Work task ▸
Pictures are not part of the copy; retype all the records below exactly.
[[ Data shown, beginning ]]
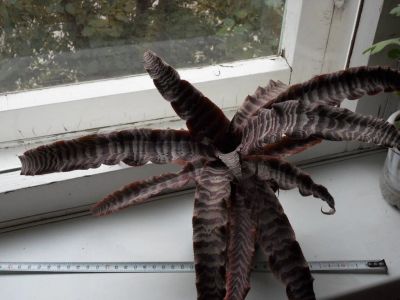 Лот: 18075713. Фото: 1. Криптантус Фостера (Cryptanthus... Горшечные растения и комнатные цветы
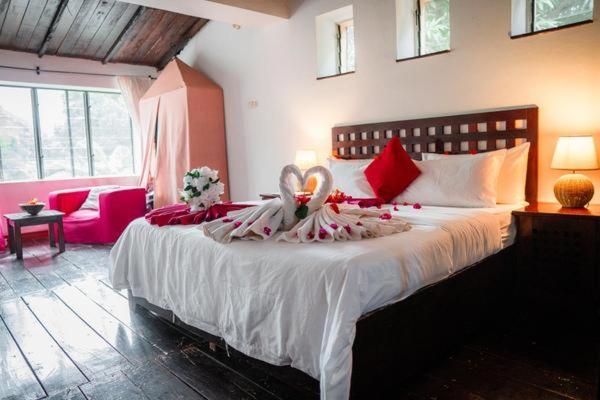 Hibiscus House Gambia Hotel Brufut Kültér fotó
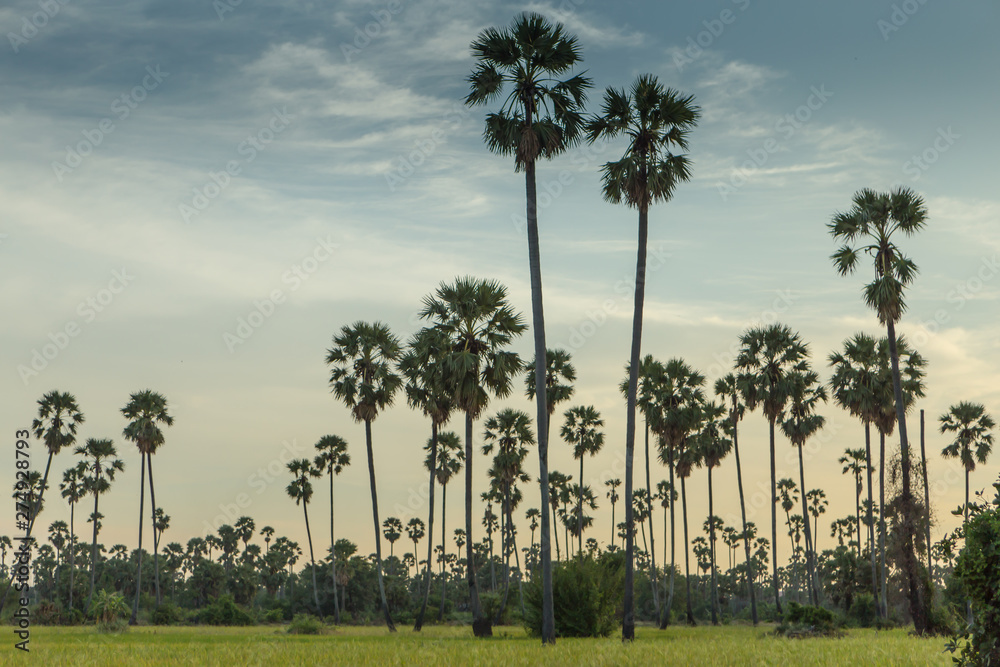 Rice fields with palm sugar palm trees and sun light at Pathum Thani, Thailand Rice fields with palm sugar palm trees and sun light at Pathum Thani, Thailand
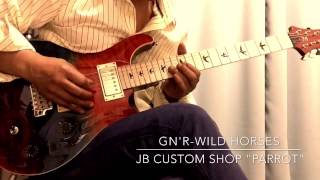 Gn'R-wild horses   JB Custom shop "parrot"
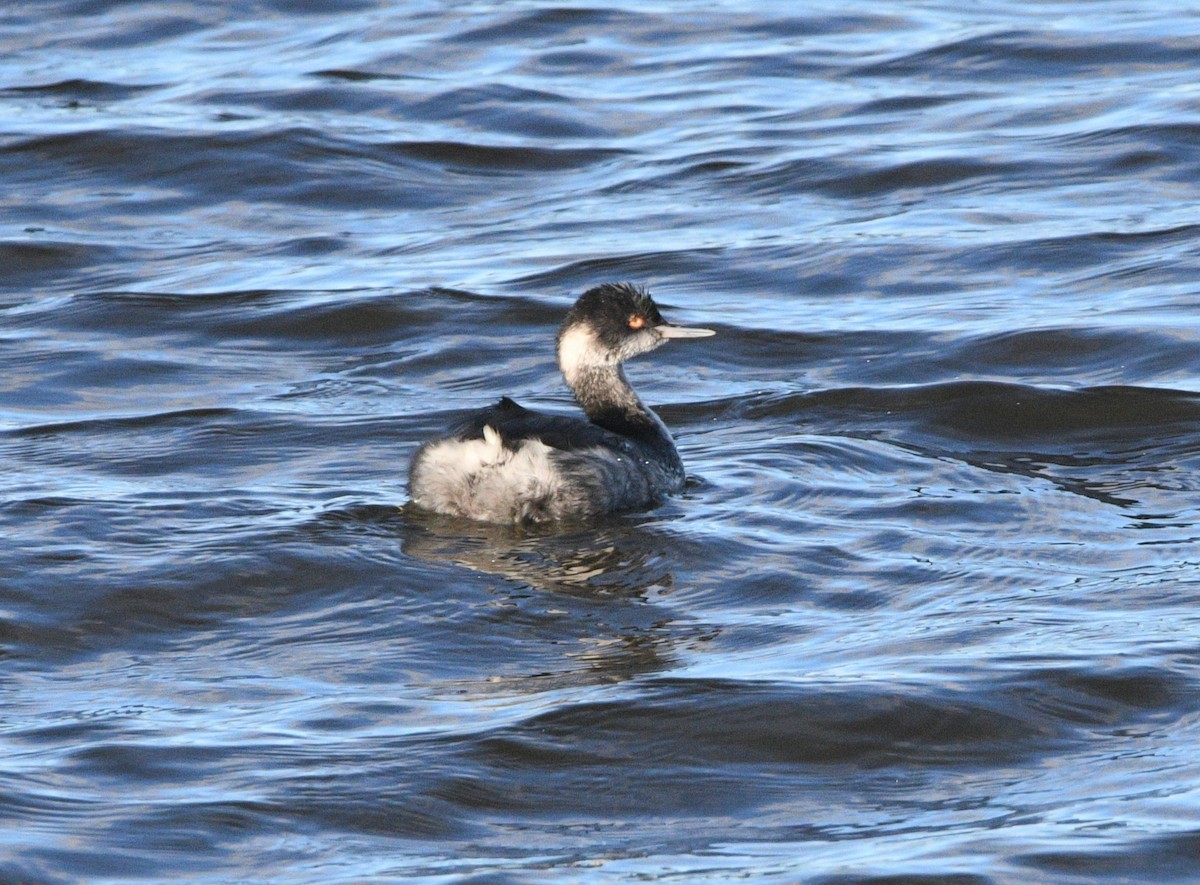 potápka černokrká - ML647659340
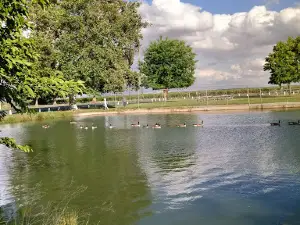 Lake Woollomes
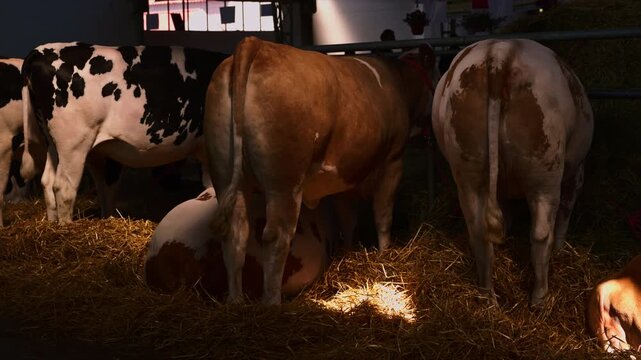 Dairy cows stand and lie on straw bedding inside a dimly lit barn stall, illuminated by warm overhead light. 4K.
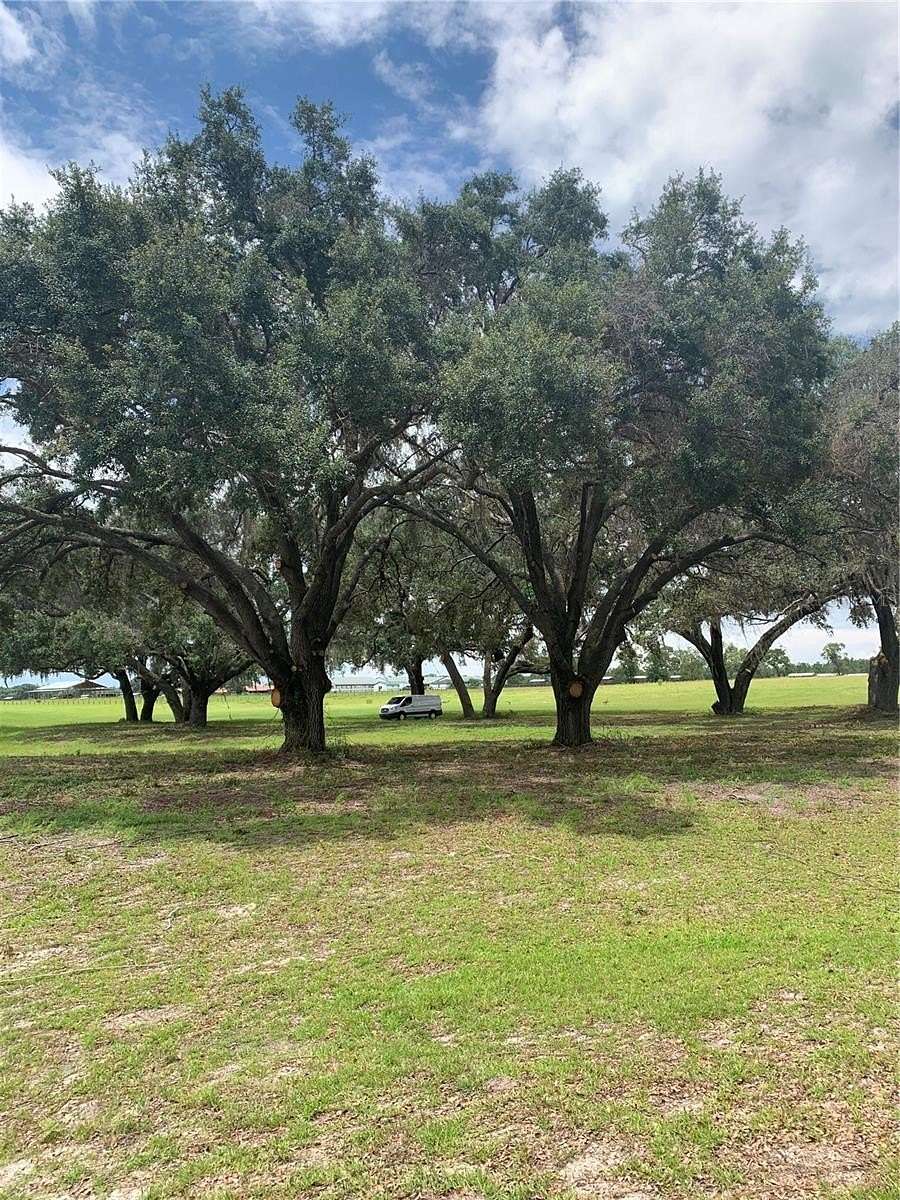 14 Acres of Land for Sale in Anthony, Florida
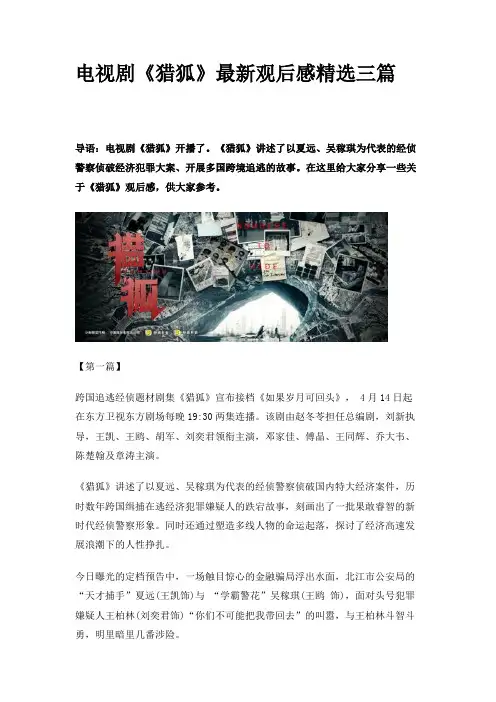 电视剧《猎狐》最新观后感精选三篇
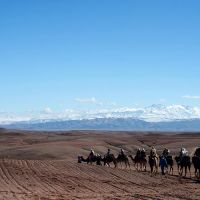 10022018-desierto-agafy-002-014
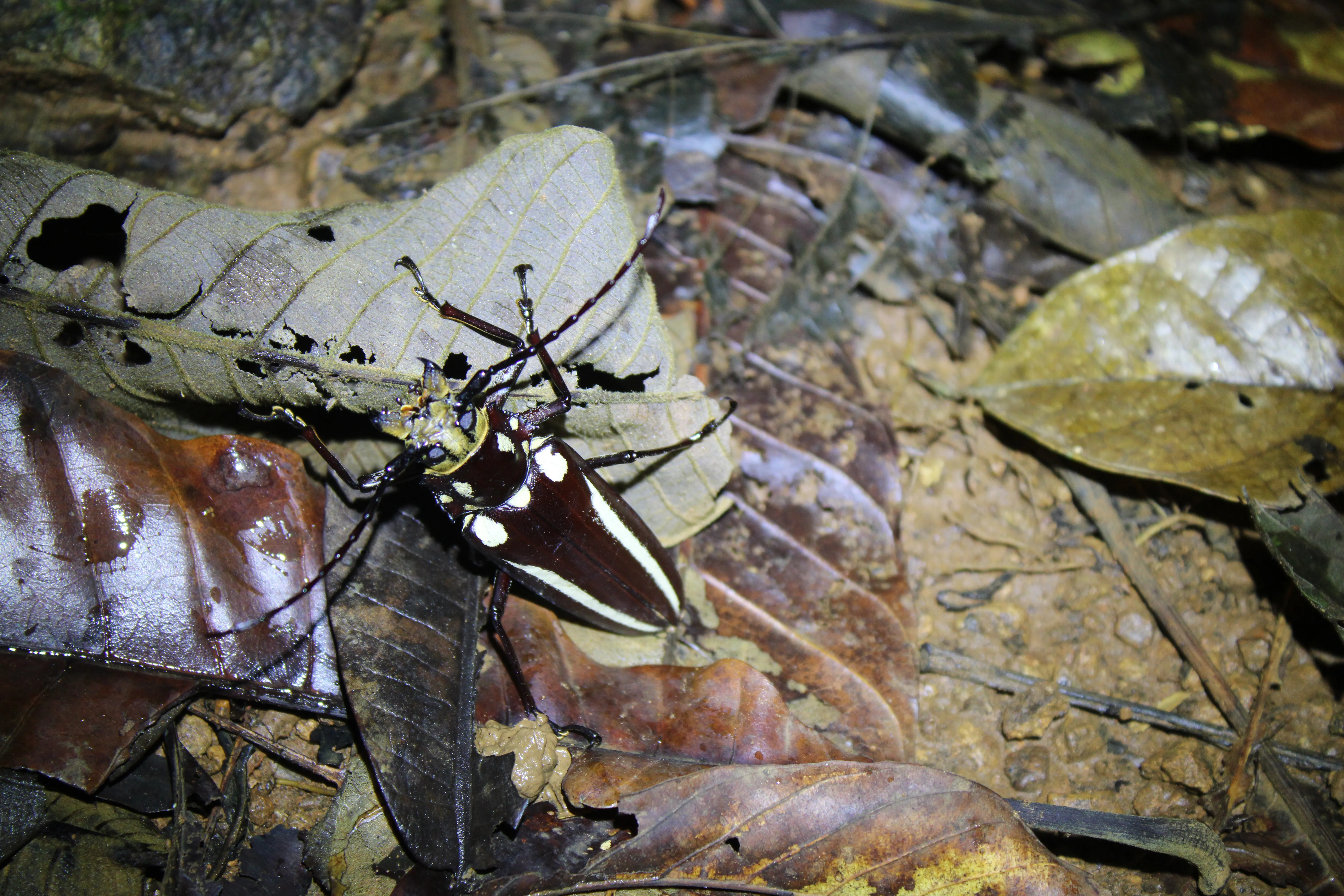 callipogon looking for food on a fallen trunk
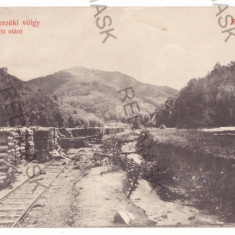 4955 - RESITA, Caras-Severin, Railway, Romania - old postcard - used - 1913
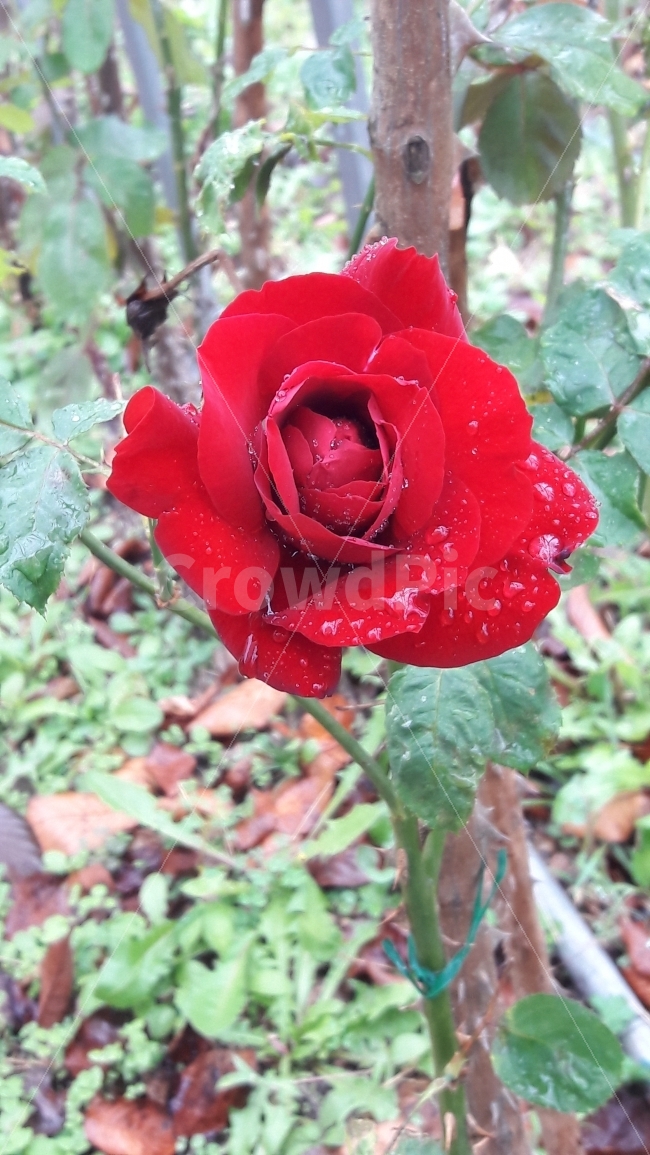 꽃,장미,빨강,가시,빗방울,식물,자연,plants,nature,꽃,flower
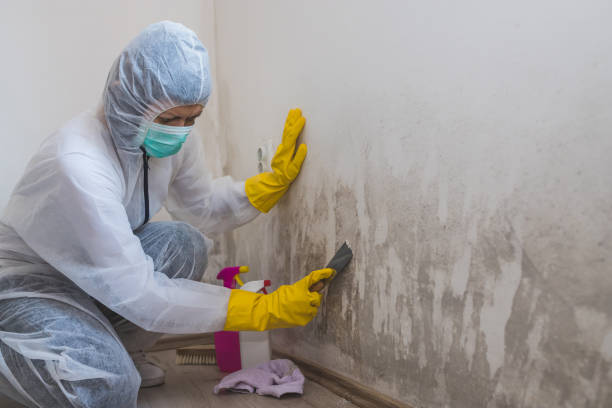Best Crawl Space Mold Remediation in Sorrento, LA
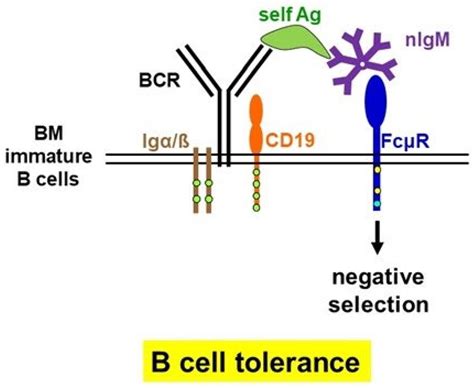 Ijms Free Full Text Physiological And Pathophysiological Roles Of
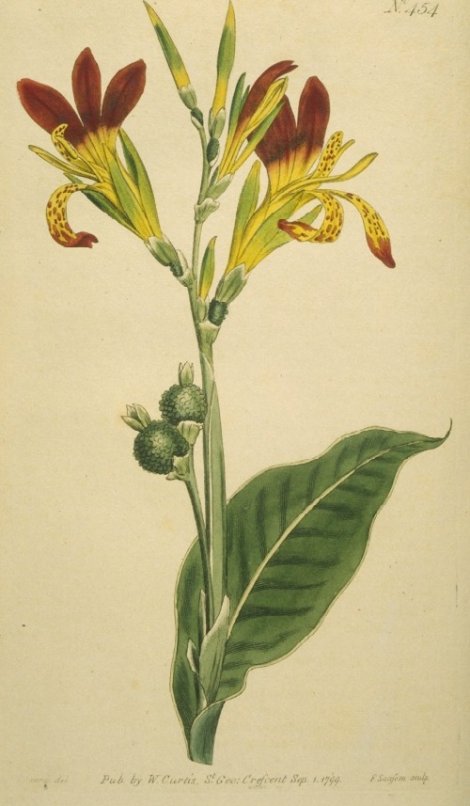 Canna indica - Curtis's Botanical
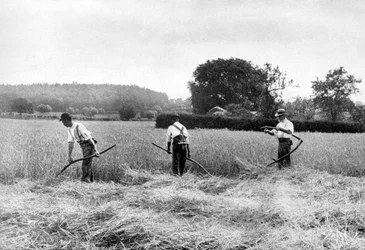 干し草の収穫、1926年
[[ Data shown, end ]]
Written answer ▸
 Лот: 18075713. Фото: 1. Криптантус Фостера (Cryptanthus... Горшечные растения и комнатные цветы
 Hibiscus House Gambia Hotel Brufut Kültér fotó
 Rice fields with palm sugar palm trees and sun light at Pathum Thani, Thailand Rice fields with palm sugar palm trees and sun light at Pathum Thani, Thailand
 Gn'R-wild horses   JB Custom shop "parrot"
 potápka černokrká - ML647659340
 Lake Woollomes
 Dairy cows stand and lie on straw bedding inside a dimly lit barn stall, illuminated by warm overhead light. 4K.
 14 Acres of Land for Sale in Anthony, Florida
 电视剧《猎狐》最新观后感精选三篇
 10022018-desierto-agafy-002-014
 callipogon looking for food on a fallen trunk
 4955 - RESITA, Caras-Severin, Railway, Romania - old postcard - used - 1913
 꽃,장미,빨강,가시,빗방울,식물,자연,plants,nature,꽃,flower
Best Crawl Space Mold Remediation in Sorrento, LA
 Ijms Free Full Text Physiological And Pathophysiological Roles Of
 Canna indica - Curtis's Botanical
 干し草の収穫、1926年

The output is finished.